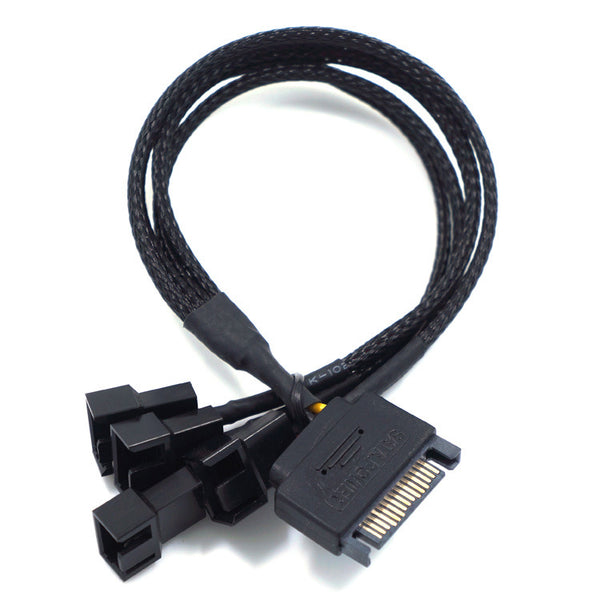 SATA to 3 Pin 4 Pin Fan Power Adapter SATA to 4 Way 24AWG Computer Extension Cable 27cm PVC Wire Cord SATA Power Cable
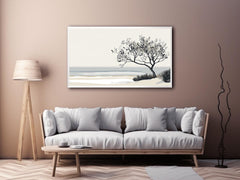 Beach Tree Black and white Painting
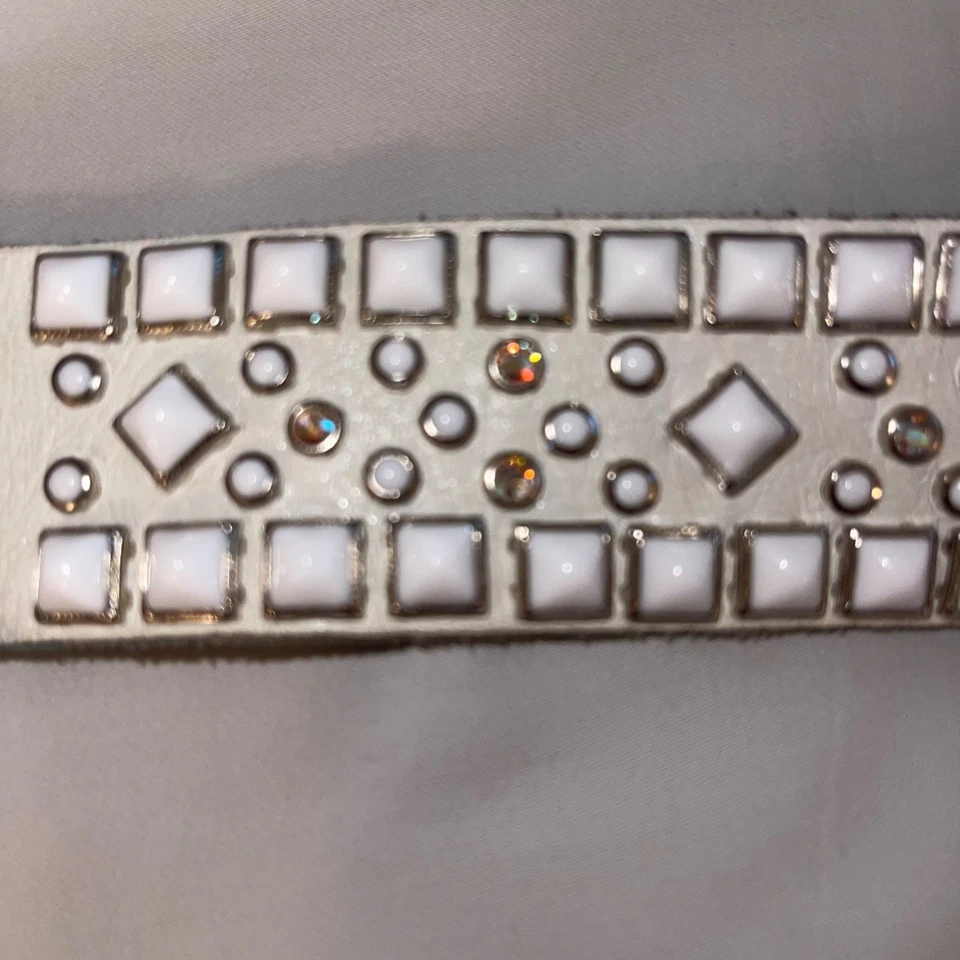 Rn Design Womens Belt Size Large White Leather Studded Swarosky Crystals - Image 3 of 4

* * *

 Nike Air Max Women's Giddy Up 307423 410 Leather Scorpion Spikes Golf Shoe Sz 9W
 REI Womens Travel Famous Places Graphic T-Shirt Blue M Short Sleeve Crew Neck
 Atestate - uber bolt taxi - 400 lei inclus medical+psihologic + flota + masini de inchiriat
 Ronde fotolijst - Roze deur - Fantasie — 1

---

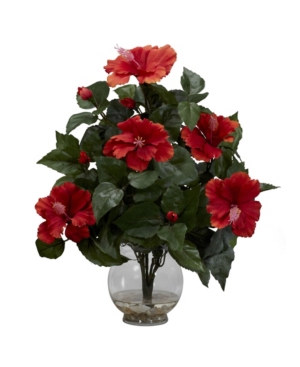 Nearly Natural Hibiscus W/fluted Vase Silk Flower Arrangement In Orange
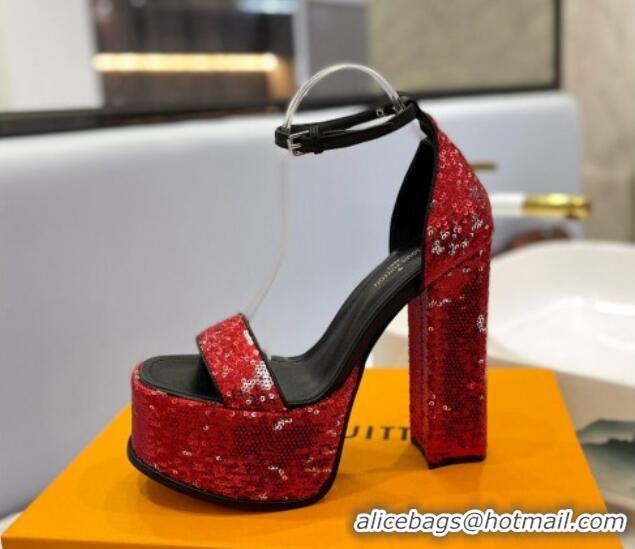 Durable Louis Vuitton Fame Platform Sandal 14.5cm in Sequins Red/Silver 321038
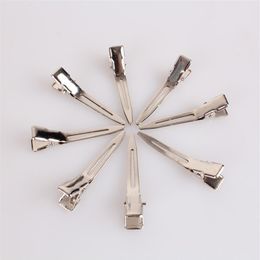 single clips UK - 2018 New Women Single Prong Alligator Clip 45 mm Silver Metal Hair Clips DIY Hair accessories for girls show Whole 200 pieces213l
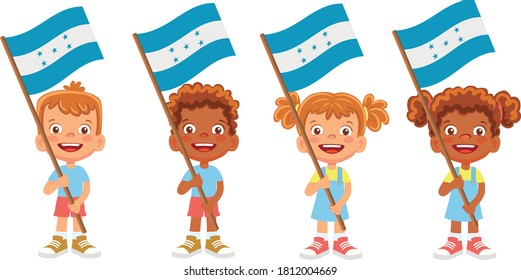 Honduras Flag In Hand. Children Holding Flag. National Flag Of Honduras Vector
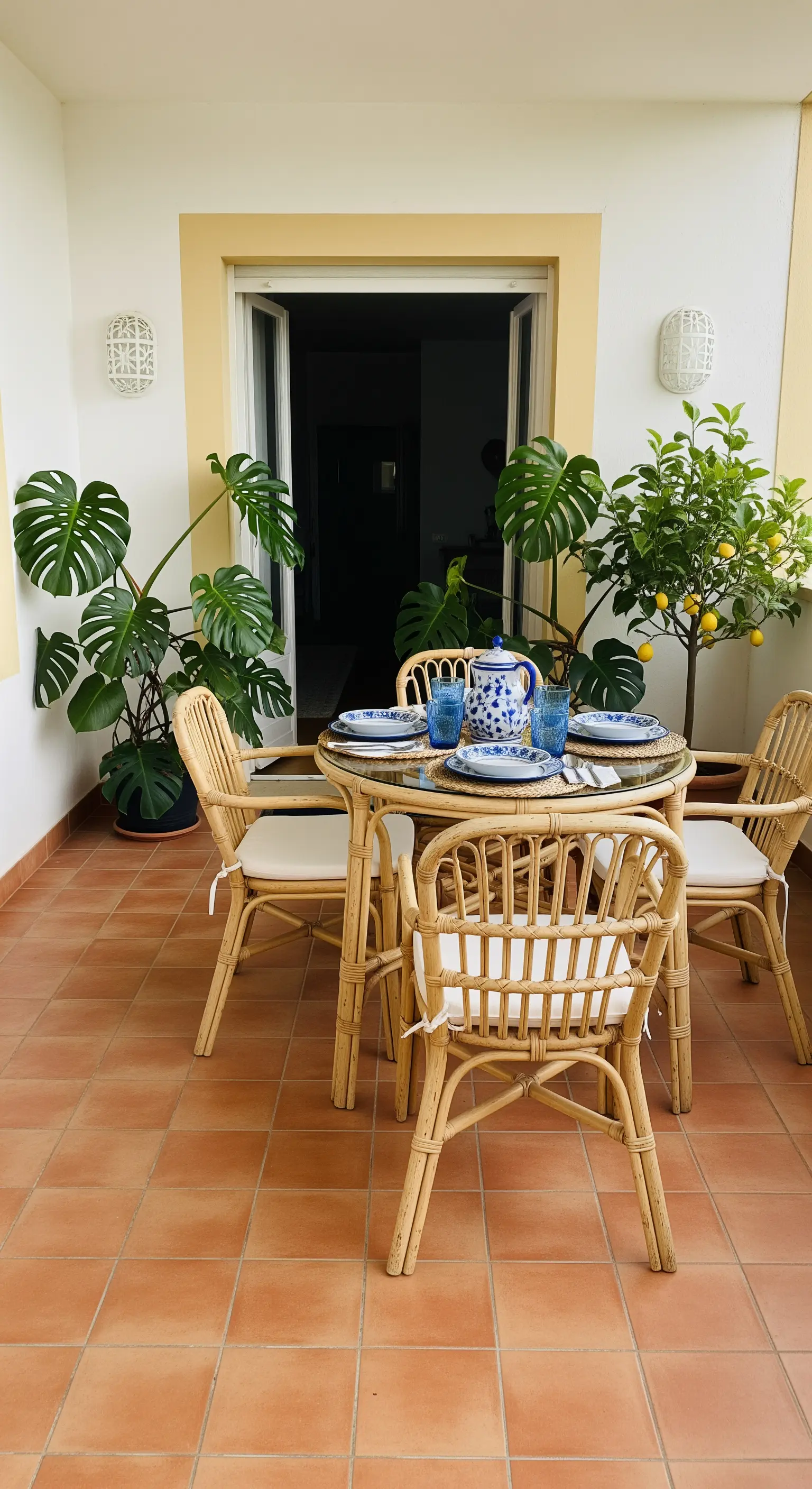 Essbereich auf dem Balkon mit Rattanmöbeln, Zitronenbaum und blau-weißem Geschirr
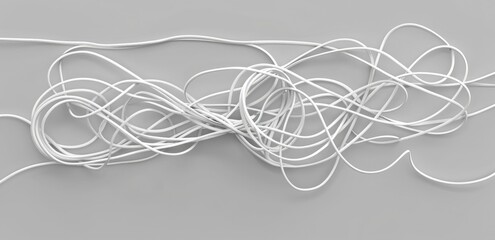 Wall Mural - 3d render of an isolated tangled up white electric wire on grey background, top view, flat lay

**Directions for this task:**
Your answer is the exact run of lines above from the one with "Durable Louis Vuitton" through the one with "Wall Mural - 3d", both ends included, minus any picture.

**Task response:**
 Durable Louis Vuitton Fame Platform Sandal 14.5cm in Sequins Red/Silver 321038
 single clips UK - 2018 New Women Single Prong Alligator Clip 45 mm Silver Metal Hair Clips DIY Hair accessories for girls show Whole 200 pieces213l
 Honduras Flag In Hand. Children Holding Flag. National Flag Of Honduras Vector
 Essbereich auf dem Balkon mit Rattanmöbeln, Zitronenbaum und blau-weißem Geschirr
 Wall Mural - 3d render of an isolated tangled up white electric wire on grey background, top view, flat lay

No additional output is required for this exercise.